Film is not disappearing, but the Internet is here to stay. It’s easy to play ostrich and pretend like nothing is changing, but the fact is that the Internet is changing many things and, through your viewers, this will impact you. When i talk about how mediated publics differ from unmediated ones, i speak about four properties that are unique to mediated public life:

- Persistence.
- Searchability
- Replicability.
- Invisible audiences.

These change the way that people communicate with each other, but they also affect how they interact with cultural artifacts and you create cultural artifacts. Film can always be turned into video, regardless of what DRM you choose to use. Sure, DRM makes it harder, but when there’s a will, there’s always a way and you lose your viewers trust in the process if you choose to make their lives more difficult. As we saw a few weeks ago with the HD-DVD hack, once information is out there, there’s no bringing it back. Once it’s digital, it can be copied and reformatted to make searching difficult. It’s much faster to copy than it is to clean up copies, for better and for worse. DRM will never protect film but it will alienate consumers. DRM does slow the flow of content, which can benefit big blockbusters but makes independent film even more obscure. For example, there’s no point in crippling a trailer with flash DRM. Trailers are advertisements. Put it up on YouTube, Revver, MySpace, everywhere you can think of… provide the code for people to copy/paste your trailer into their blogs and MySpaces. If people like it and want to pass it on, encourage them! Copy/paste! The more people who hear about your film, the better.

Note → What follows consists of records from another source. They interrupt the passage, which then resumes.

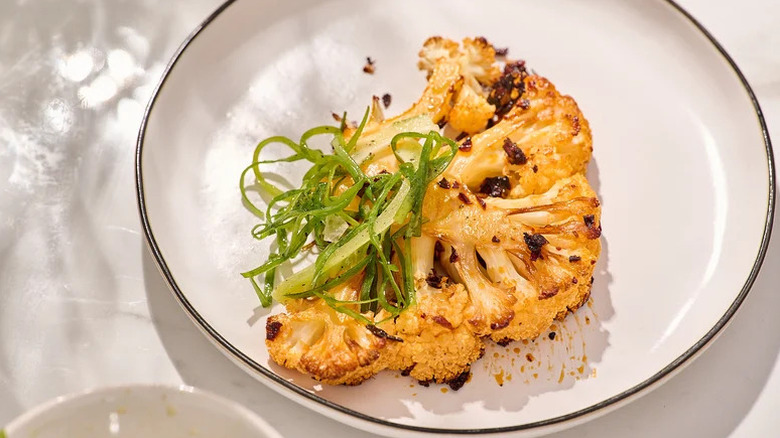 Chili crisp-baked cauliflower steaks on a white dish with a green garnish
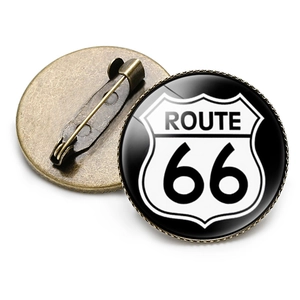 Close-up of vintage Route 66 round shield brooch with crystal glass dome and bronze base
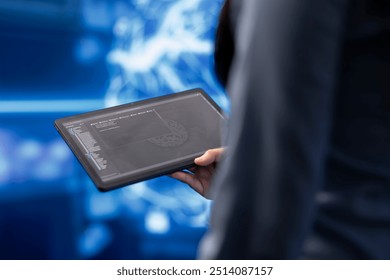 Programmer using tablet to maintenance artificial intelligence neural networks. Close up shot of computer scientist using AI system aiding in processing and transmitting information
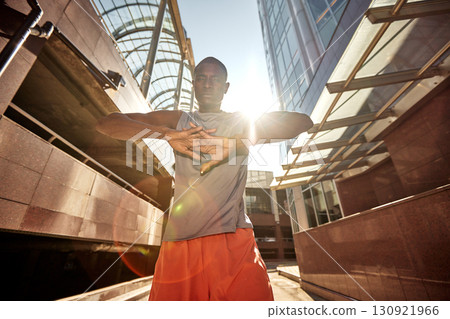 Urban athlete stretching in sunlight near modern buildings 130921966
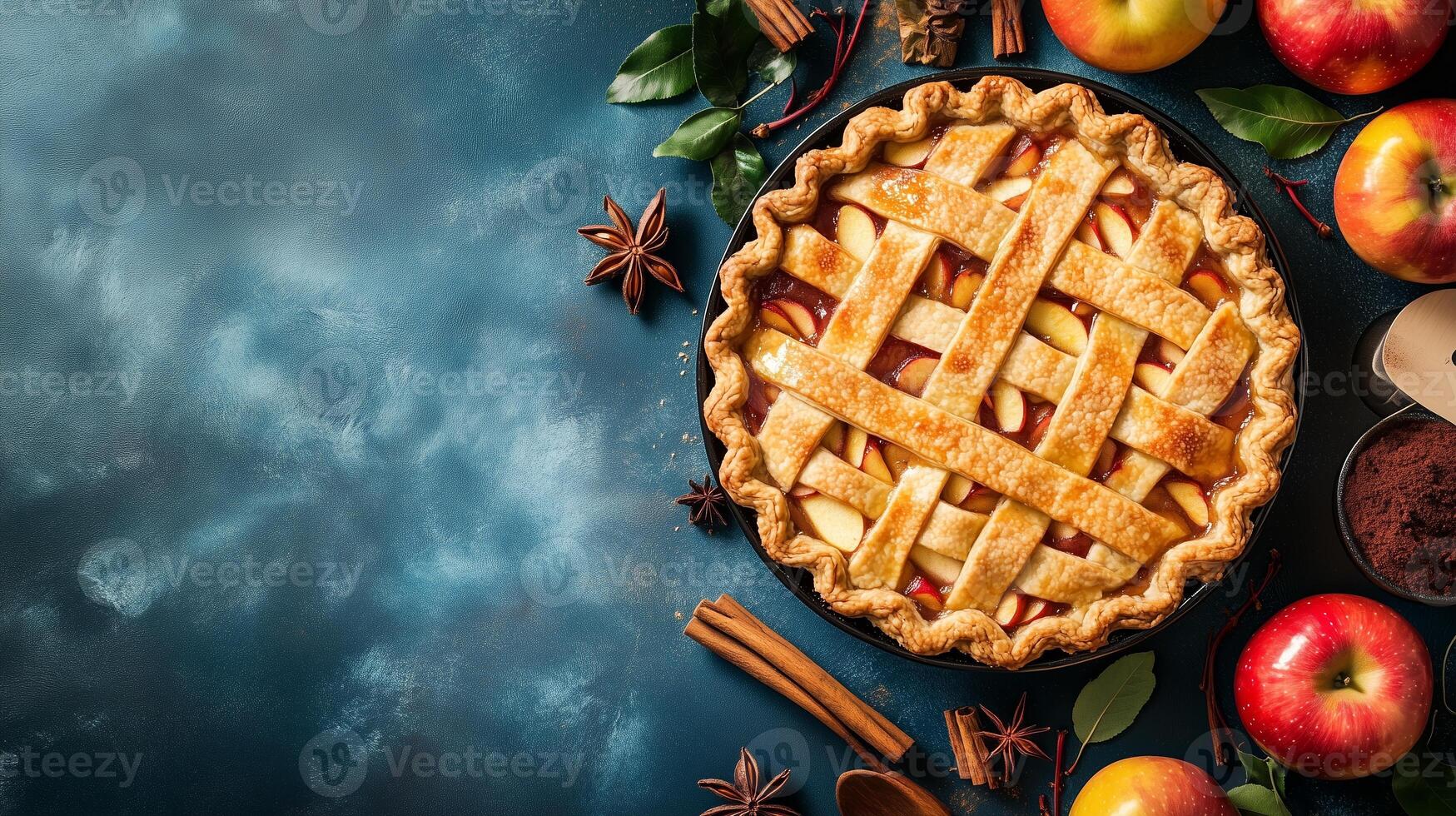 Freshly baked apple pie on a rustic blue background surrounded by spices and fresh apples in autumn photo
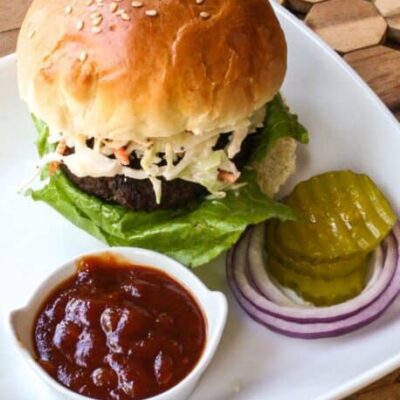 texas burger on a plate with coleslaw topping and bbq sauce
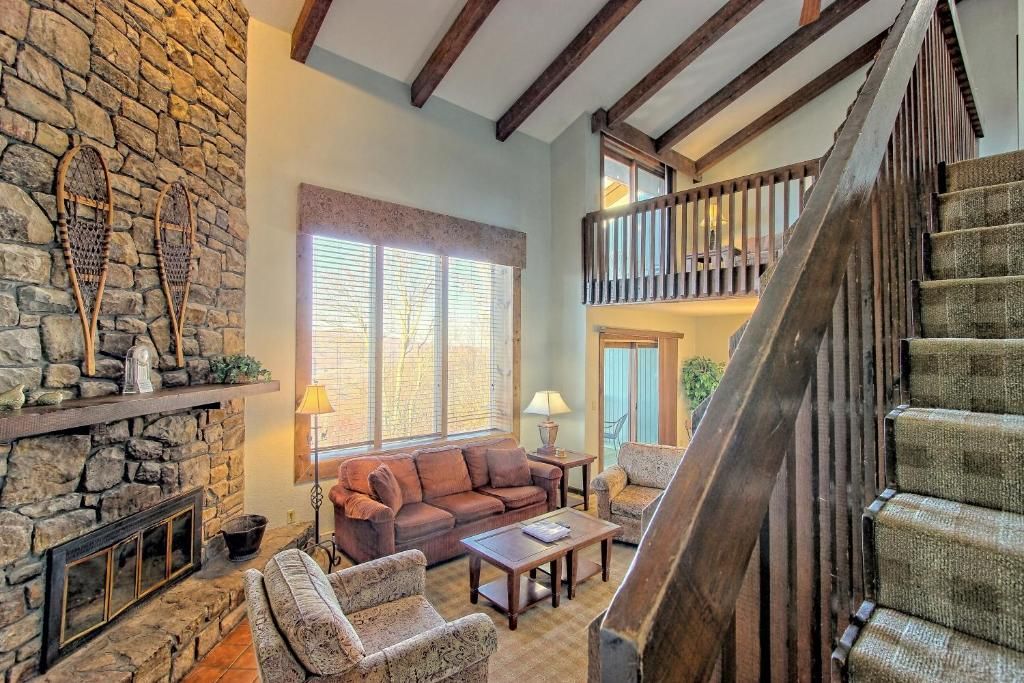 A cozy living room with a stone fireplace, a wooden staircase, and a balcony.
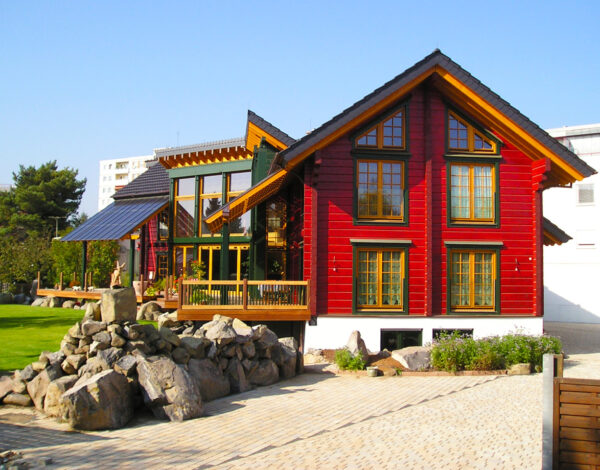 Attraktives rotes FINNHOLZ Blockhaus mit markanten Holzsäulen und einer Steingartenlandschaft vor einem städtischen Hintergrund.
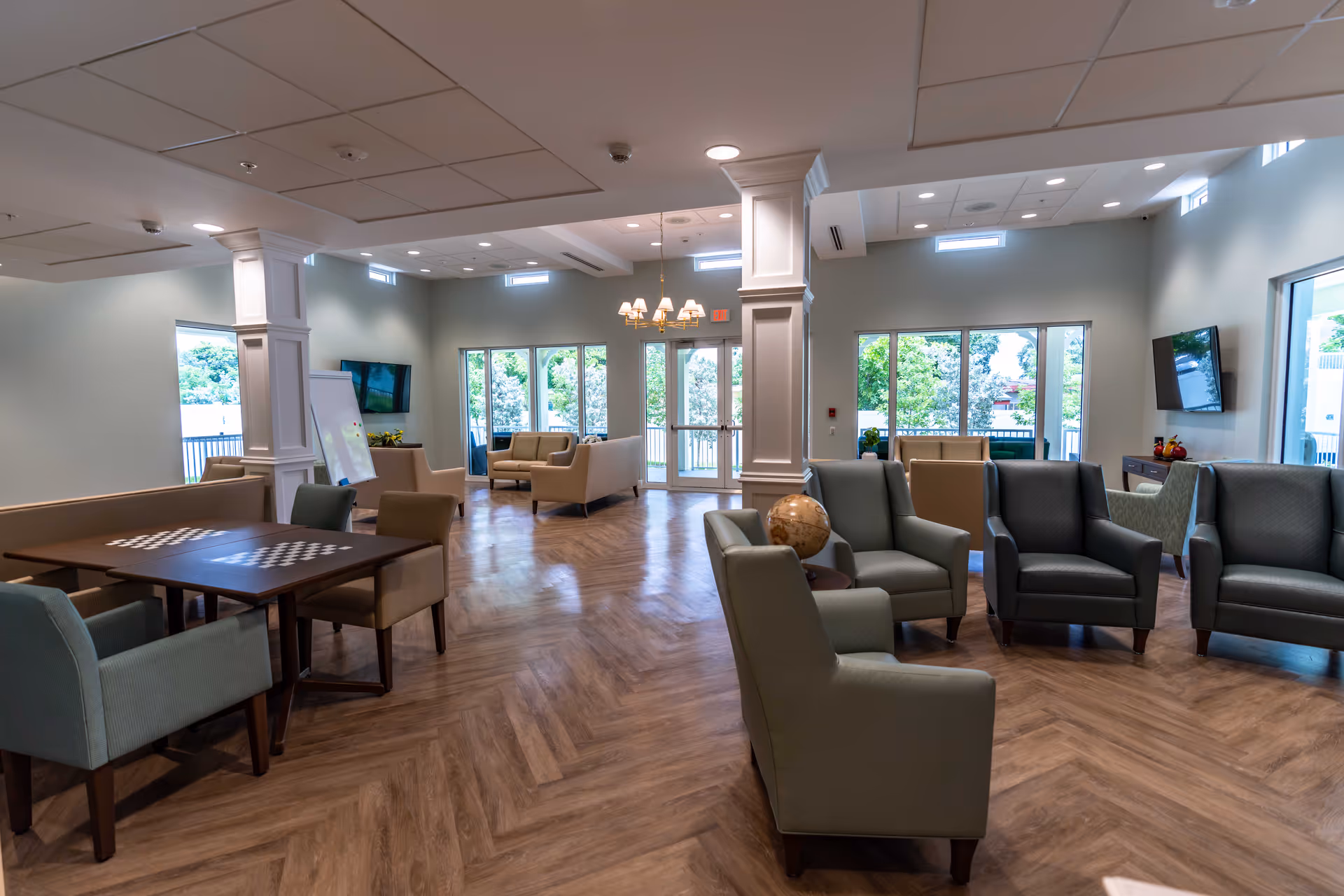 A spacious senior living common area with multiple seating arrangements including armchairs and sofas. There are large windows letting in natural light, a chandelier hanging from the ceiling, two wall-mounted TVs, and a table with chairs featuring checkerboard patterns. The room has wooden flooring and white pillars.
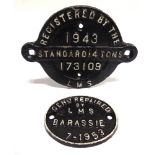 TWO CAST IRON WAGON PLATES comprising a manufacturer's plate, of circular form with fixing lugs, '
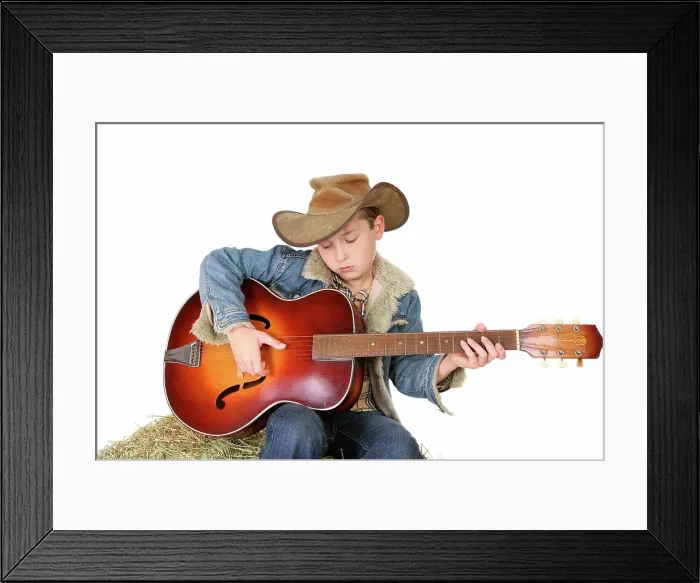 Framed Print : Boy strumming guitar A boy strums a tune on an acoustic guitar Framed Print : Boy strumming guitar A boy strums a tune on an acoustic guitar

I bring up DRM because as we think of the audiences of tomorrow, we need to think of ways to engage them, not alienate and control them. There’s a lot of creativity in this room. Why put it into trying to maintain status quo rather than taking things to the next level?

By and large, we treat the Internet as another broadcast medium where you push content at people. In other words, we’re still aiming to localize rather than to co-opt. A better way of conceiving it is as a public space where people want to pull content in to personalize it, identify with it, and share it. It is no secret that we’re not yet sure how to monetize this practice, but efforts to stop it are like trying to build gigantic walls after planes were invented.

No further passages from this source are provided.